A whorl of unanswerable questions have been encircling the hardbody of New York Times restaurant critic Frank Bruni. Keith McNally accused him of lady-hating. Phallic restaurateur Jeffrey Chodorow accused him of pettiness. Now The Observer's Chris Shott accuses him of influence. Shott claims restaurants live or die by the Bruni review, a charge which Bruni accurately denies.
I have no way of knowing whether a review I've written hastens the death of any restaurant," Mr. Bruni told The Observer, "but I can assure you it's not my goal in writing a negative review to put a restaurant out of business. I'm just writing what I honestly think about the restaurant, with my principal consideration being readers and consumers."It's a bit disingenuous for any critic to claim he has no way of knowing whether his reviews have helped or hindered the fortunes of NY restaurants. (Ask the theater critics the same question.) Surely as New York's critic of note, he must be aware that his negging on Varietal, Lonesome Dove, even Porchetta contributed to those restaurants' demise. On the other hand, whose fault is it really—the shittiness of the food or the shitty review? Because, seriously, Lonesome Dove was really shitty. It also doesn't help that former Times critic Mimi Sheraton pops up in the piece to contradict the thesis.

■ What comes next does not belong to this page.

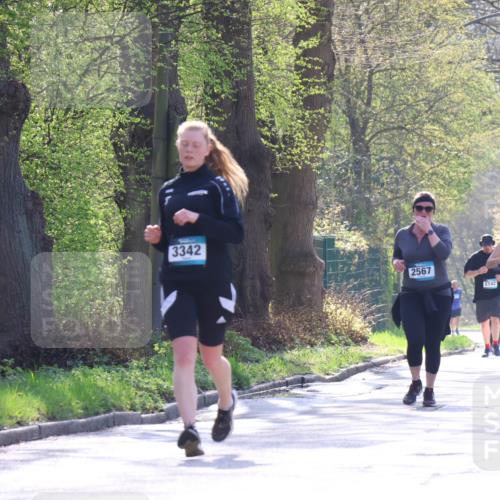 12.04.2026 - 45. Internationalen Wilhelmsburger Insellauf Yannick Fuchs http://msf.ph/oto/9497204 12.04.2026 10:54:17 Laufen 3342, 2567, 3920, 2142 meine-sportfotos.de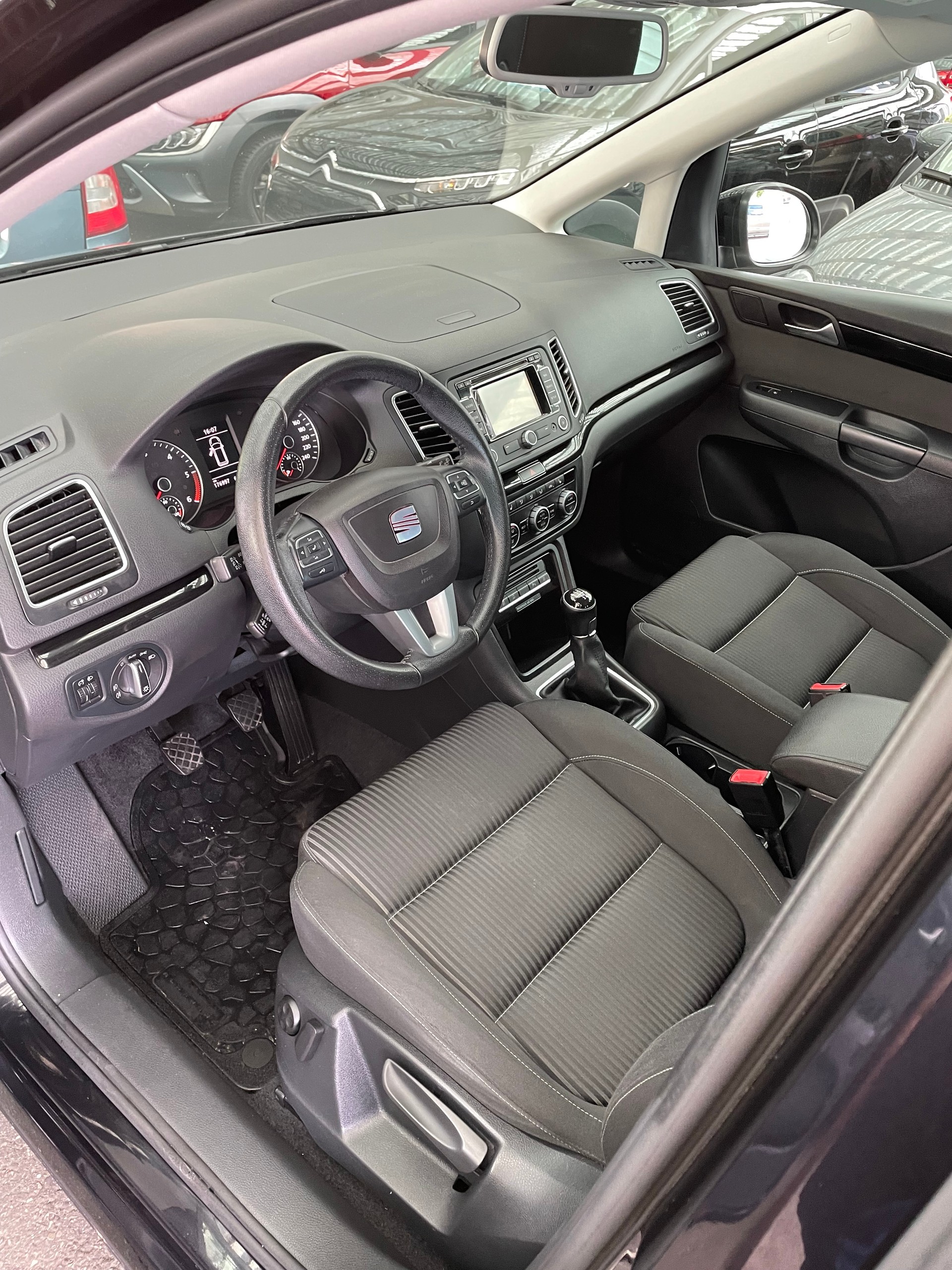 SEAT Alhambra 2.0 TDI Style 4x4-image-6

It's Brundle's job to catalog abominations as they emerge from the kitchen. Sure, that he does so with acerbic, populist cattiness is unusual—but essentially he is merely helping dying restaurants die and vital ones prosper. Think of him as a hospice-helper. The real Bruni Effect, perhaps, can be seen less in a city strewn with the carcasses of mediocre restaurants and more in the pages of The Observer, whose unmemorable restaurant critic pops up twice a month whether one likes it or not.